Director: Andrzej Zulawski

France/Portugal​ Comedy ​100mins

Andrzej Zulawski gets in and amongst it with COSMOS, his first feature in 15 years. This French-language adaptation of Witold Gombrowicz’s 1965 novel is a top-to-bottom fever dream, extending the Polish filmmaker’s penchant for mania with an exceptionally reference-heavy tale of wham-bam obsession. Seconds in and we have a melodramatic score, jolting jump-cuts, opaque voiceover, plush pans and a narrative that proceeds onward like a furious sprint through a theatrical downpour. What’s not to love?

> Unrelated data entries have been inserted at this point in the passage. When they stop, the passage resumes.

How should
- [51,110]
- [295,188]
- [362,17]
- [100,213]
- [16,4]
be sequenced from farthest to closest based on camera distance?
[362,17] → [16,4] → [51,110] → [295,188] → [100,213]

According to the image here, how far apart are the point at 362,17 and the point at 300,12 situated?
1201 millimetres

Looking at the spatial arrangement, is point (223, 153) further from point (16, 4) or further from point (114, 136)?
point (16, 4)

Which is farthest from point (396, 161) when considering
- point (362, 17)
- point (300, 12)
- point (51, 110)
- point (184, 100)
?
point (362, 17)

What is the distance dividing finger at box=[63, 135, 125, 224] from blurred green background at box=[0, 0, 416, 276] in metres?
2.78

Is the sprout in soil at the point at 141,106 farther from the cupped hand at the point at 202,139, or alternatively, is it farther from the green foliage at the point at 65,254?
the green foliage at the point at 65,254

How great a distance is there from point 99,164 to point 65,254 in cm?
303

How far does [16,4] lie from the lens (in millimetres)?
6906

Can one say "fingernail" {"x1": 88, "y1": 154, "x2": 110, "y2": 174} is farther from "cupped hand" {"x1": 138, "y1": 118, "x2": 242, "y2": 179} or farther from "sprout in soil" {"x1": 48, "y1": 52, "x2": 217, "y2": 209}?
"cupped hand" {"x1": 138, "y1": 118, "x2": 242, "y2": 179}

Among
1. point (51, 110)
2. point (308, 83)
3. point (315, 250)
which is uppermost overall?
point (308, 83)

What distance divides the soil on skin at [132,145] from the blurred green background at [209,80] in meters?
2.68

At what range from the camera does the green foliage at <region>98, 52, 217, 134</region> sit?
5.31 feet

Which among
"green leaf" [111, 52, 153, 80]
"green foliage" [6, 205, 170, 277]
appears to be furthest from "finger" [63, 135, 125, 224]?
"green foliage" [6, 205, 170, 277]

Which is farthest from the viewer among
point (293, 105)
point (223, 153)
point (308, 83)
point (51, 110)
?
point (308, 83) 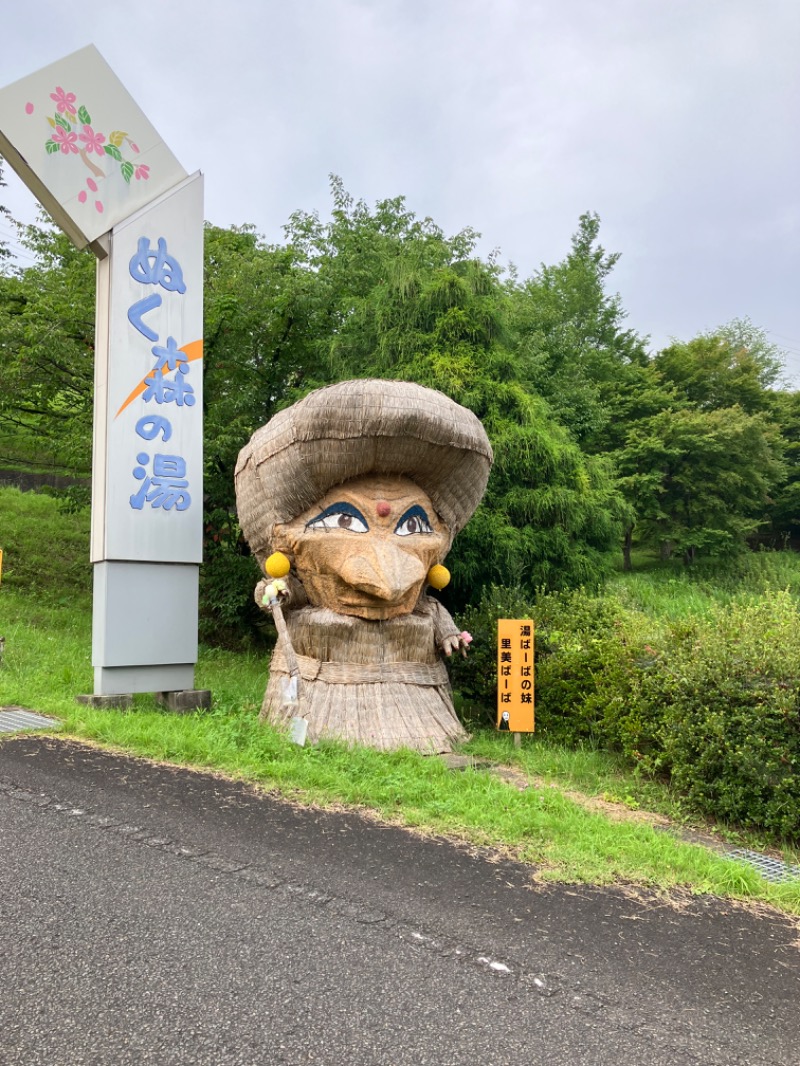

Plenty. With viscous plot and rake-thin premise (make what you will of that narrative contradiction), many a good film has been made. But it’s nigh-on impossible for any of the myriad ideas put forth here to take hold with any lasting thematic coherence. With a slickly-rendered attention-deficit (the real glue that holds his surgical focus together), Zulawski promotes his rococo vision by piling meta-echoes upon meta-echoes with such off-puttingly ugly verbosity that the engineered madness, a kind of ad hoc lo-budget ornamentalism with the hyper-jittery frame-rate of a TV movie, becomes the entire raison d’etre. It forewarns the impatient: fall for the first minute and the next 101 are a treat.

Otherwise, pith off: “You are just a face, a mask. Behind it, there is nothing.” But what a mask! Memorably gaunt-cheeked, sunken-eyed, Jonathan Genet plays Witold, a law school dropout who arrives with his pal Fuchs (Johan Libéreau) at a family-run bed-and-breakfast (with breakfast-in-bed) in Portugal with dreams of writing his first novel—and finds no shortage of inspiration there. Rocked by inexplicable spasms that run through his face like an electrical current, Witold falls for the whole affair: the gobbledygook-gabbling patriarch Leon Wojtys (Jean-François Balmer), his long-suffering wife (Sabine Azema), their daughter Lena (Victoria Guerra) and even the deformed lip of family maid Catherette (Clementine Pons). A murder mystery runs beneath all of the feigned and strained emotionalism: a sparrow, a cat and pieces of wood are all found hanged on the guesthouse’s premises.

Words, words, words. Tongue twists abound in this hotchpotch of “chasms, patterns, strata, rhythms, wounds, spasms,” and the crazed maximalism and heightened delirium make this a dramatic exercise rather than a drama per se: when one character breaks down into tears, it’s impossible to engage with the material due to the heightened delirium—and just when a scene threatens to convince us into something resembling a consistent mood, Zulawski hangs the string score in mid-air: just when we thought we were in, he wrenches us back out. As Witold himself remarks, “She is impenetrable, elusive and vast like the ceiling.” There are enough highbrow references and self-deprecating winks, meanwhile, to keep a certain crowd chuckling away to publicise their own understanding of this essentially self-serving work.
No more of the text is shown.